Selon lui, la situation ne peut que se tendre : la pénurie s’installe, et les prix continuent de s’éloigner des capacités réelles des ménages. « Dans les 15 ans qui viennent, les prix de l'immobilier vont augmenter en France, soit une fois et demie plus vite qu'aux États-Unis », alerte-t-il.
Conséquence directe ? Même des actifs aux revenus confortables se retrouvent exclus du marché. Le logement est devenu un poids central dans les budgets. « L'immobilier dans les dépenses contraintes a été multiplié par deux depuis 2000. Ça devient le poste de dépense principale des gens. »
La propriété reste pourtant un idéal très ancré en France. En 2025, 57,4 % des Français sont propriétaires de leur résidence principale selon l’Insee. « On est un pays où les gens aspirent à être propriétaires » rappelle-t-il, tout en soulignant que beaucoup n’y ont désormais plus accès.
Cette fracture crée un sentiment d’injustice de plus en plus fort entre ceux qui ont pu acheter tôt, souvent aidés, et ceux qui se retrouvent durablement bloqués. « Aujourd’hui, c’est dur de se lancer dans la propriété », constate le spécialiste. À tel point que près des deux tiers des Français jugent qu’accéder à la propriété est aujourd’hui plus compliqué que pour la génération de leurs parents. (IPSOS, 2025)
Apport, crédit, règles bancaires : un parcours semé d’obstacles
Pour Matthias Baccino, la seule voie réaliste reste celle du temps long. Faire de l’apport un véritable projet de vie, sans précipitation ni injonction. « Peut-être qu’il va falloir prendre cinq ou dix ans de plus pour y arriver », résume-t-il, philosophe.
Faut-il acheter à tout prix ?
Ce contre-exemple bouscule une croyance bien ancrée : posséder son logement n’est pas le seul chemin vers la sécurité ou la stabilité financière. Louer n’est donc pas un échec, ni un renoncement, mais peut être un choix rationnel, voire stratégique. La propriété n’est pas une fin en soi, elle doit rester un moyen au service d’un projet de vie.
Parmi les questions à se poser avant de se lancer : où souhaite-t-on vraiment vivre ? Pour quel cadre de vie ? Quelle mobilité accepte-t-on dans son travail, sa vie familiale, ses envies personnelles ? Derrière la question immobilière se cache en réalité une réflexion plus large sur le mode de vie que l’on souhaite construire. Et parfois, renoncer à acheter, ou retarder ce choix, peut être une manière plus lucide de rester libre.

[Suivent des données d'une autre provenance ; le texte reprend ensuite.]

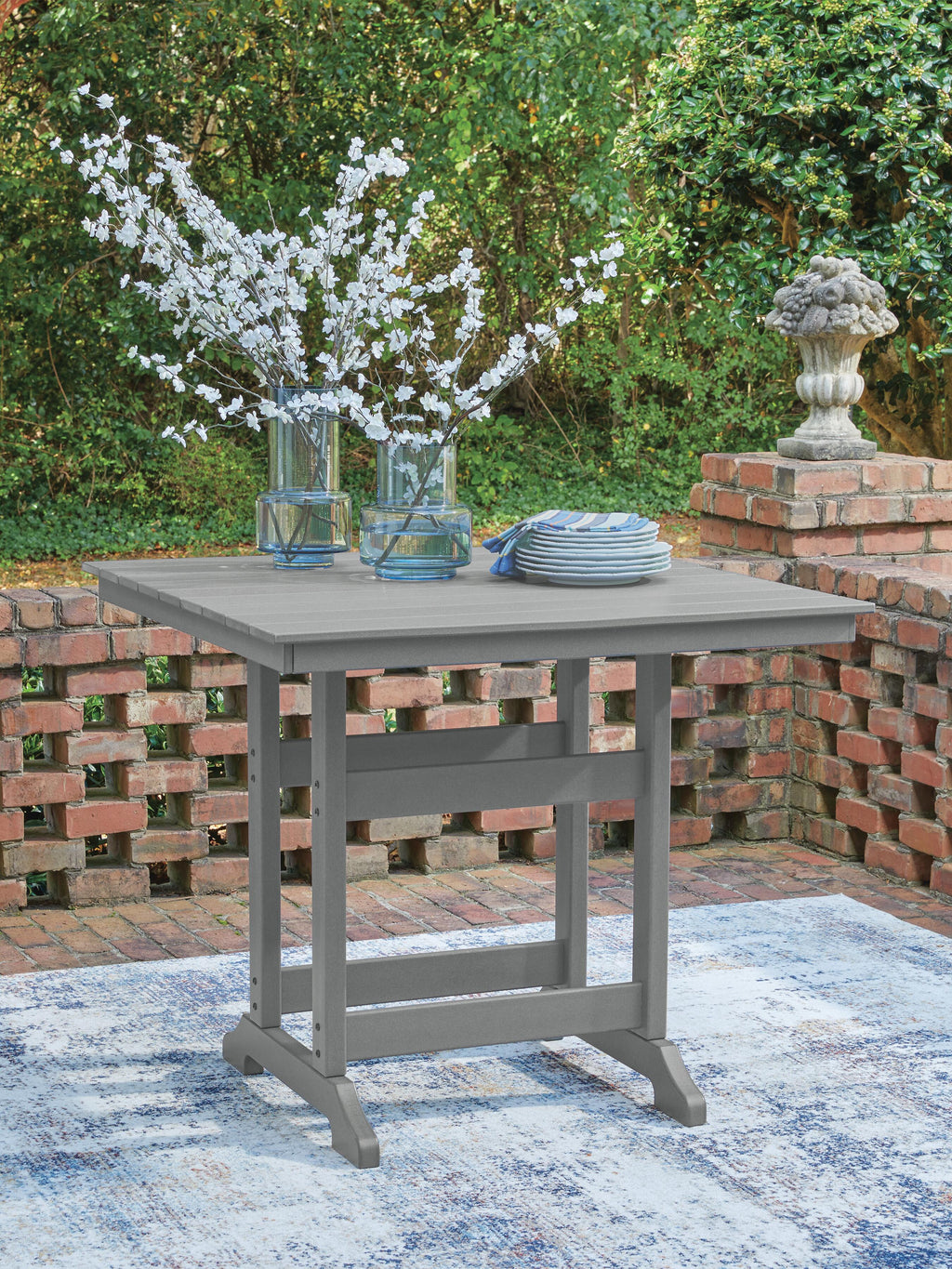 Sanctuary Beach Outdoor Counter Height Dining Table in Dark Gray, lifestyle view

Investir, même sans immobilier : une autre voie possible
Pour ceux qui ne peuvent pas encore acheter, il existe une autre voie : investir autrement, sans attendre l’hypothétique “bon moment”. Matthias Baccino le formule sans détour : « Si tu ne commences pas à investir, tu seras pauvre quand tu seras vieux. »
Derrière cette phrase volontairement cash, une réalité simple : l’avenir financier des générations actuelles sera plus incertain, et l’épargne passive ne suffira plus. « L’avenir est plus difficile que prévu » rappelle-t-il, en insistant sur l’urgence à sortir de l’inaction.

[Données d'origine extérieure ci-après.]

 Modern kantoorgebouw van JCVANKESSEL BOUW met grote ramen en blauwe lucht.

Il défend une méthode accessible à tous, loin des promesses miraculeuses :
– « Ne le fais pas tout seul » : s’entourer, en parler à un proche, avancer à deux ou à plusieurs, pour ne pas abandonner au premier obstacle.
–« Commence » : inutile d’attendre d’avoir de grosses sommes, l’important est de passer à l’action, même avec de petits montants.
– « Fais ce que tu comprends» : ne pas investir dans des produits opaques ou à la mode, mais uniquement dans des supports dont on comprend réellement le fonctionnement.